Interesting to note that the factory blurb says that the Javelin ATGM has already been integrated into the system.   Would that be of any interest to the   Recce types or the Inf Combat Support types?


----------



## KevinB (2 Dec 2005)

Not unless someone is trying to fit this system into a role it is not made for...

 PSO/COIN issues are forcing the Militaries to adapt to a more flexible structure that what a standard TO&E would consist of, however you cannot use these systems to plug and play into a warfighting role.  We would be bankrupted trying to shoehorn the Nyala into replacing the LSVW and/or GWagon.  

It was bought to comfort the powers that be that they have done all they can to stop casualties to our side from IED's.  It is capable for some roles -- But really if you think you going to get into a furball -- take a LAV.  If your playing hearts and minds use soft skins like the locals... Or at least vehicles that look like soft skins.


----------



## Infanteer (2 Dec 2005)

On the topic of Javelins and RWS - here is a RWS station that mounted a Javelin and an M2 .50 cal HMG that was displayed at the AUSA show.  Might be a nice thing to top our vehicle with....


----------



## KevinB (2 Dec 2005)

Will it take the HK GMG ?


----------



## armybuck041 (3 Dec 2005)

KevinB said:
			
		

> It was bought to comfort the powers that be that they have done all they can to stop casualties to our side from IED's.  If your playing hearts and minds use soft skins like the locals... Or at least vehicles that look like soft skins.


You talk about stopping IED casulties like its a bad thing? Almost every contingent I worked with would have given their left arm for a Nyala, including those riding around in open top G-wagons. Open top vehicles bristling with weapons are no deterrent or concern to a pressure plate IED or a Spider Device initiated by a Cell Phone or FRS from a safe distance. The only CF Troops in the Kandahar area that require open top soft skins already have them. So if you really want to ride around in one, start doing your application for the farm.



			
				KevinB said:
			
		

> It is capable for some roles -- But really if you think you going to get into a furball -- take a LAV.


No thanks... The most effective weapon on my LAV III in Afghanistan was my C-8. 

I see all the armchair quarterbacks are in full swing with this.


----------



## armybuck041 (3 Dec 2005)

DG-41 said:
			
		

> Should I be concerned that half the pics showed stuck/rolled vehicles?



No, not at all. I get paid to find roads and designate them. Sometimes you get stuck.

FWIW, all we had to do to the rolled one was tip it back on to its wheels, top up the oil, and then we drove it away.


----------



## aesop081 (3 Dec 2005)

armybuck041 said:
			
		

> I see all the armchair quarterbacks are in full swing with this.

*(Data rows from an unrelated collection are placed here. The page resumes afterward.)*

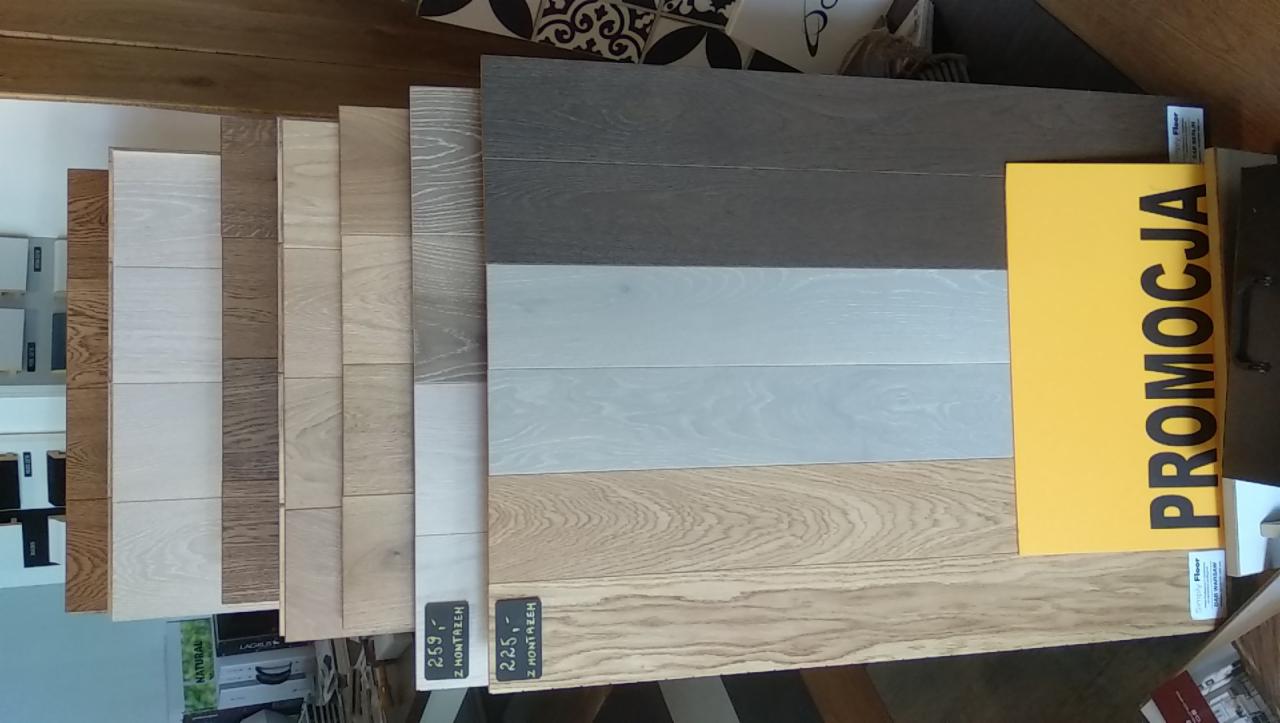 Ekspozycja próbek podłogowych w różnych odcieniach drewna, z żółtą kartką z napisem 'PROMOCJA'. Prezentacja materiałów wykończeniowych.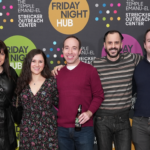Seven people smiling, standing together in front of a colorful Friday Night Hub backdrop at Temple Emanu-El in New York City.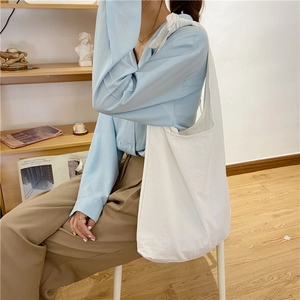 Lifestyle shot of white canvas tote bag worn on shoulder in minimalist interior decor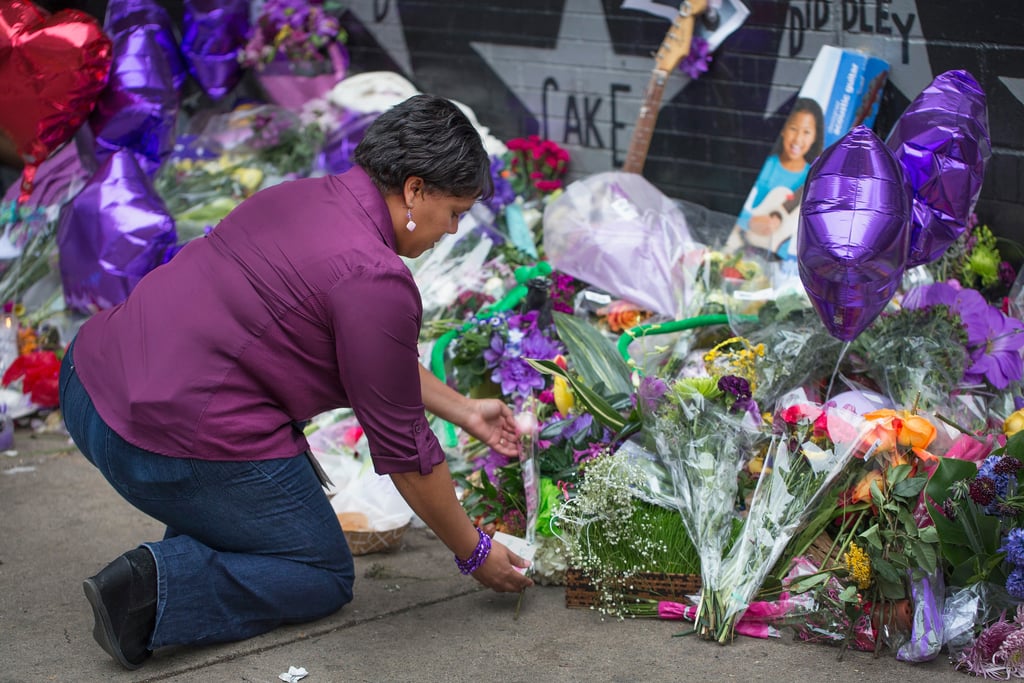 A woman laid flowers on the sidewalk outside First Avenue.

They just dont have your perspective.....I was glad to see all the pics....wish i had been there with you ( beleive it or not i miss those days sometimes) .  I may be overhead soon though !!


----------



## armybuck041 (3 Dec 2005)

MCG said:
			
		

> It was used for route recces intended to determine the mine threat (though even many Engr incorrectly reffered to this as "route prooving").



I agree that Designation (Route Recce) and Clearance are two separate tasks, but it can and has been used for Route Proving/Proofing after a Clearance Op. 
  

Driving over a High Risk uncleared route would be very dumb regardless of the vehicle. Even though its mine "hardened", past incidents have shown that occupants don't exactly walk away from a mine strike either.


----------



## Kirkhill (3 Dec 2005)

> I see all the armchair quarterbacks are in full swing with this.



It's right comfortable back here..


----------



## KevinB (3 Dec 2005)

armybuck041 said:
			
		

> I see all the armchair quarterbacks are in full swing with this.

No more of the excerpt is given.